You can refer to my script. (I have not polished it yet.)
I see that, the way it is trained, it supports just that static list of LABELS , and when invoking it, it returns indexes from that array with probabilities?
Yes, your link to https://github.com/yoeo/guesslang/blob/f67e7b1bc963d06fc244304dba7f0f0ce39a0d4c/guesslang/data/languages.json is right. We can use the keys for language names, or we can use the values for extensions. I'm a bit of lazy and I don't want to translate the language names to what we use in bat, so I just use the extensions.
The model outputs an array of probabilities of the 54 languages (the sum is 1). I just pick the one with largest probability and select it if the probability is greater than 0.5. The threshold can be further tuned.
I wonder how many of those bat supports, and how many can/can't often have the syntax detected from the first line with syntect - i.e. how much benefit would it really bring?
Well, it is difficult question for me to answer. How many kinds of first lines these 54 languages have...
Or, we can think how many languages do not have a first line. I think many.
Thanks for the detailed explanations and benchmarks. It will be interesting to see what the other maintainers think about this.
I wonder how many of those bat supports, and how many can/can't often have the syntax detected from the first line with syntect - i.e. how much benefit would it really bring?
Well, it is difficult question for me to answer.

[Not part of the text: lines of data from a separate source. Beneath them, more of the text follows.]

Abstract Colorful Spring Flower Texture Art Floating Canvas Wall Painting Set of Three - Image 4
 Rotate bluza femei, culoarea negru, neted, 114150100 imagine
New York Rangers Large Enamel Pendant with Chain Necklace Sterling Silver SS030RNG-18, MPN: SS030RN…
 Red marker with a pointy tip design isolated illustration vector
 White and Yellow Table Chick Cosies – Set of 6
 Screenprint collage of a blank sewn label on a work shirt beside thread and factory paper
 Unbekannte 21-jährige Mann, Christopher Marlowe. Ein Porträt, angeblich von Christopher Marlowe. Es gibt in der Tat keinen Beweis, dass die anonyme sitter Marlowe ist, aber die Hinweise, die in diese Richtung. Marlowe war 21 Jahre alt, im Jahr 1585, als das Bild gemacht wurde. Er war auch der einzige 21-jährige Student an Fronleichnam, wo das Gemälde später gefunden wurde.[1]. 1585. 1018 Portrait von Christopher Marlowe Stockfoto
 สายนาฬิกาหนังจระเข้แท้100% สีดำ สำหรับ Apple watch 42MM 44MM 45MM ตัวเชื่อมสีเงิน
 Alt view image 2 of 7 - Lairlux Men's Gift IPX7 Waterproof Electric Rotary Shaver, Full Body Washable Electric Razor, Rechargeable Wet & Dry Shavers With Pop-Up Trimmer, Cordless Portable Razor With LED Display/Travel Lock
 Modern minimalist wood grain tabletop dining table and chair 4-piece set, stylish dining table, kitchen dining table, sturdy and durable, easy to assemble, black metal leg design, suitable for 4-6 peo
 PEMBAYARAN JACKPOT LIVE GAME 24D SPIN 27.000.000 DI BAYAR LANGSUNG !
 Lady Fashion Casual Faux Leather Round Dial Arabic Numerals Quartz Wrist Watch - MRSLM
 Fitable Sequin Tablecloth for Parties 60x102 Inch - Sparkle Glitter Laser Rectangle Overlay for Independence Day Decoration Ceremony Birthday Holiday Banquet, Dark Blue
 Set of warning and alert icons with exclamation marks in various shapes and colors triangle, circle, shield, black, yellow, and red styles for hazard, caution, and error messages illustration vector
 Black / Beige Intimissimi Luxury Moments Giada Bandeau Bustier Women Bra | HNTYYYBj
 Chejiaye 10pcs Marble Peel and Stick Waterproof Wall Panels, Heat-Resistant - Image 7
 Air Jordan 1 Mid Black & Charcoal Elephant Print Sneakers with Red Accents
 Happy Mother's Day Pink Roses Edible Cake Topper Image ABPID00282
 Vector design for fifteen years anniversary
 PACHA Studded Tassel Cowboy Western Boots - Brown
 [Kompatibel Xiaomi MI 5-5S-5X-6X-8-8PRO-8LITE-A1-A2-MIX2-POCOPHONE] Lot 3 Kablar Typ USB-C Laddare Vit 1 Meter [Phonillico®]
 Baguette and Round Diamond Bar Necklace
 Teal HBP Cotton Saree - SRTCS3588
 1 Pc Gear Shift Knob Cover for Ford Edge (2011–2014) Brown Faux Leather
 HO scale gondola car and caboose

How many kinds of first lines these 54 languages have...
It was more like food for thought than something I expected you to answer, sorry for not making that clearer.
This file type detection could also be an optional feature, so users could decide at compile time whether they prefer a smaller binary or a larger one with auto-detection.
Some more thoughts:
- The
file-format
library could also be used for file type detection. Its footprint is likely much smaller. - Or going in the other direction, there is a new AI library Magika for content type detection.
I'd very much appreciate this kind of content type auto-detection in any form - even a very primitive one would be very helpful.